• news-banner

    Expert Insights

Document Production in French Set-aside Proceedings: limited powers despite an increasingly extensive scrutiny of the set aside judge

Brief reminder on the grounds for set-aside appeal under French arbitration law

Under French law, set-aside proceedings against an international arbitration award can be brought before the competent Court of Appeal (namely, for most of the time, the Paris Court of Appeals).

Article 1520 of the French Code of Civil Procedure provides five limited grounds of annulment:

  1. lack of jurisdiction;
  2. the constitution of the tribunal is irregular;
  3. the tribunal failed to comply with its mission;
  4. breach of due process;
  5. the recognition or enforcement of the award breaches international public policy.

The international public policy ground has evolved significantly in the recent years, particularly after the French Supreme Court (“Cour de cassation”) overturned its previous case law as to the level of scrutiny during set-aside proceedings. Before 2022, the Cour de cassation only performed a narrow control on the ground of “flagrant, effective and concrete” violation of the international public policy. This approach was replaced by a more extensive control following two decisions (Belokon, March 23, 2022, No. 17-17.981; Sorelec, September 7, 2022, No. 20-22.118) that removed the flagrancy requirement.

Since this overturn, one could fear that the French set-aside judge be tempted to extend its scrutiny into the merits of the award through the international public policy ground.  

Subsequent case law nevertheless demonstrated opposite: the review of international public policy remains limited to the enforcement of the award as opposed to the merits of the award itself. 

A recent decision dated September 18, 2024 (No. 21-20.140), rendered by the Cour de cassation, reaffirmed this point when discussing the arbitral tribunal’s denial of a document production request. 

Practical implications for parties to arbitration in the light of the decision rendered by the Cour de cassation on September 18, 2024

The dispute arose from an electricity supply contract between Green Network (Italy) and Alpiq (Switzerland) - ICC rules and seat in Paris.
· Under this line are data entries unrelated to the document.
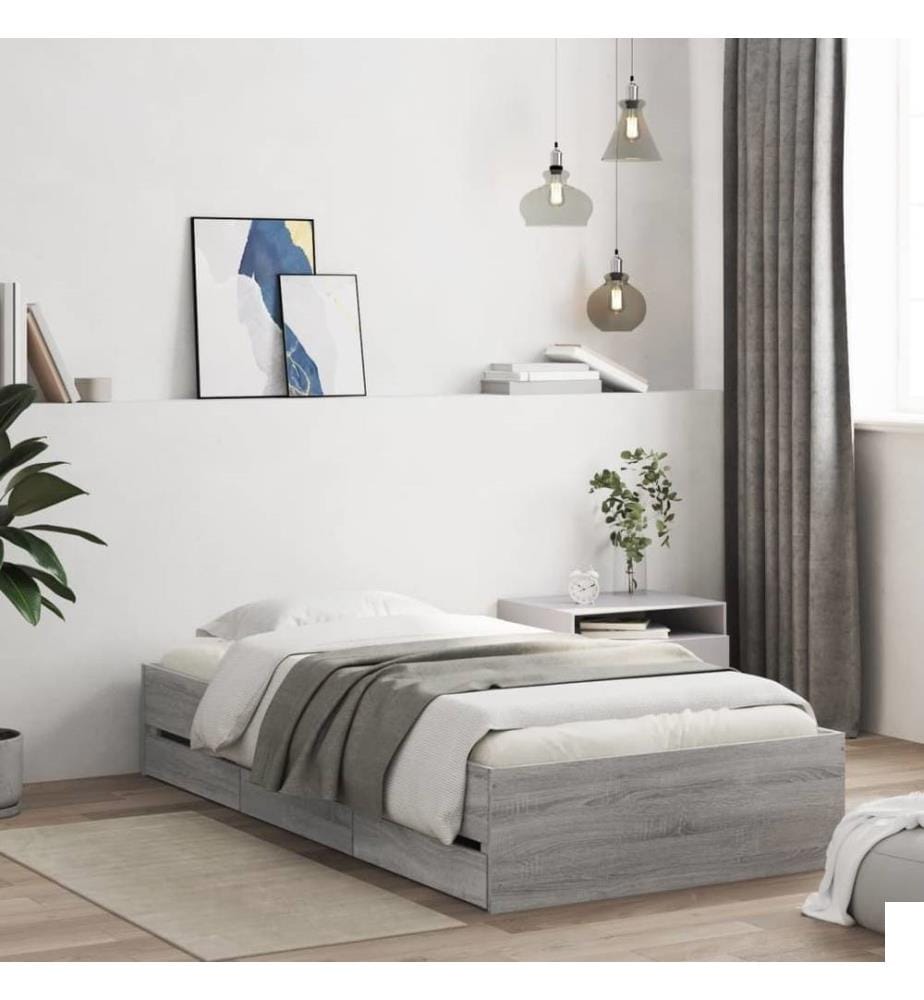 Cadre de lit et tiroirs sonoma gris 90x190 cm bois d'ingénierie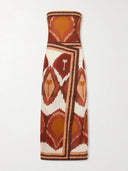 Retro Geometric Ikat Palm Tree Print Midi Dress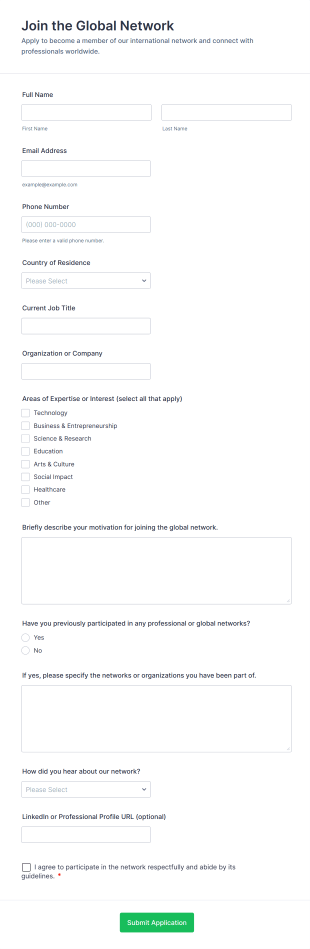 Join The Global Network Form Template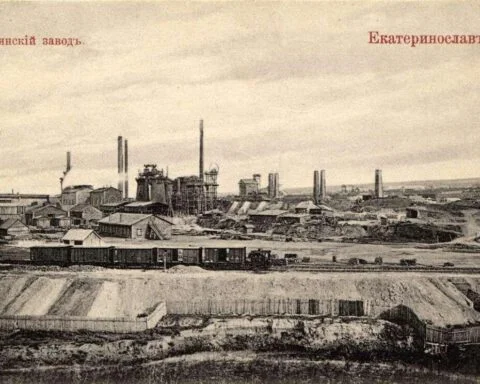 De in 1885-1887 gebouwde Brjansk-fabriek bij Jekaterinoslav, een staalfabriek die grotendeels in Belgisch-Franse handen was.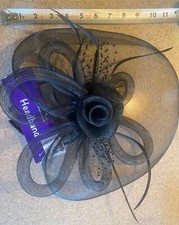 Flower Feather Hair Hat Fascinator Headband Wedding Royal Ascot Race Party Black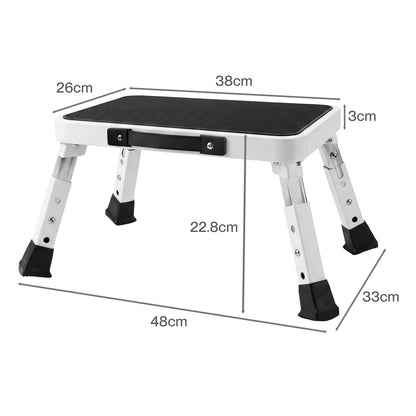 Levede Folding Step Stool Adjustable Aluminium Non Slip Portable Foot Stool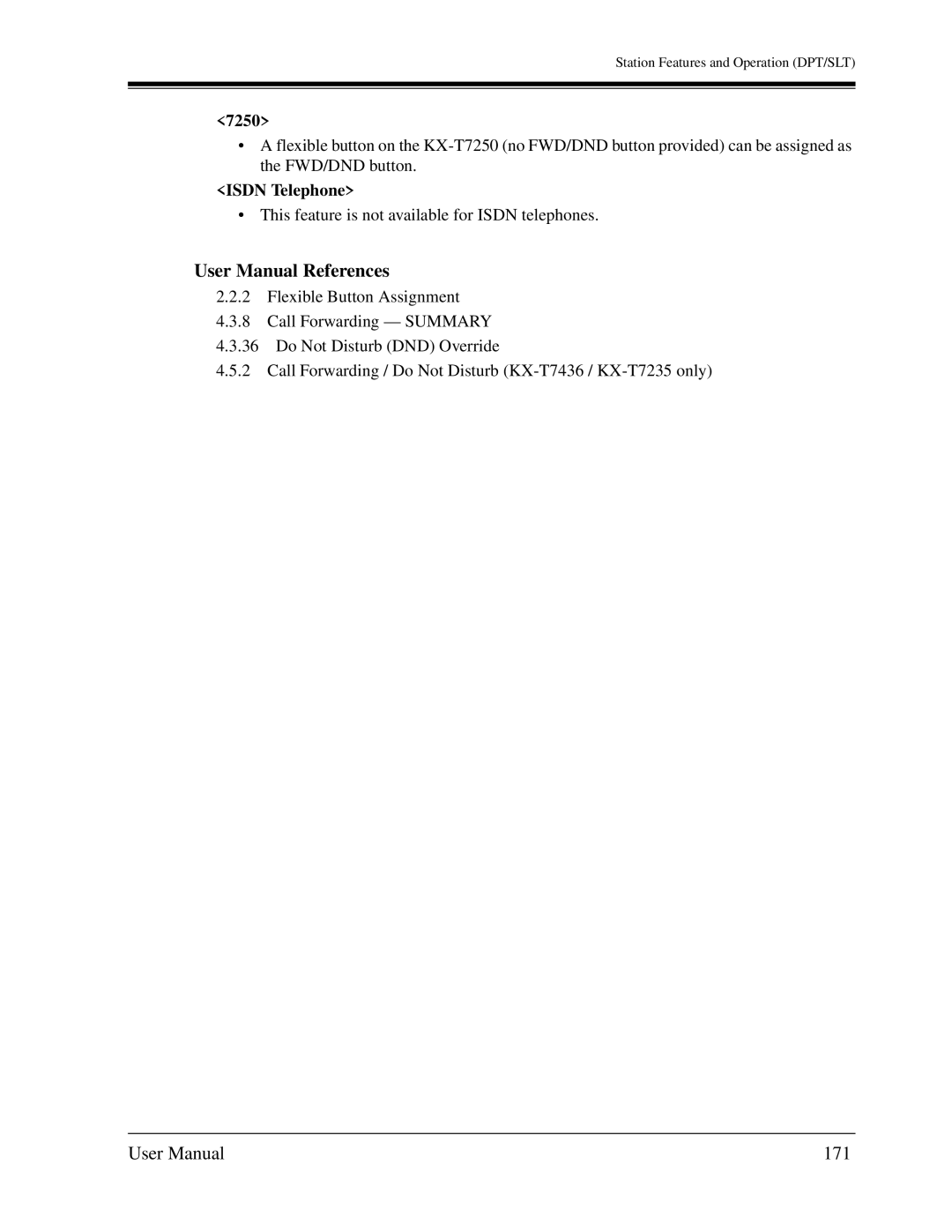 Panasonic KX-TD1232C user manual 171, 7250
The tribunal ruled in favour of Alpiq. Green Network therefore brought set-aside proceedings before the Paris Court of Appeal, which rejected the appeal.

Green Network filed a further appeal before the Cour de cassation. 

One of the set-aside ground for appeal before the Supreme Court was based around the alleged fact that the arbitral tribunal refused Green Network’s request for production of documents without justification. According to the Green Network, this refusal breached its right to a fair defence and, as a consequence, violated French international public policy.

The Cour de cassation upheld the Court of Appeal decision: the Supreme Court recalled the principles according to which it is not for State courts to review award on its merits, nor to appreciate the arbitral tribunal’s (discretionary) assessment of the relevance (or lack thereof) of a document when assessing a party’s document production request. 

The Supreme Court found that the arbitral tribunal provided sufficient legal ground to reject the document production request. The Supreme Court added that although the reasons were not set out in the Procedural order rejecting the document request, such reason was nevertheless expressly addressed in the final award.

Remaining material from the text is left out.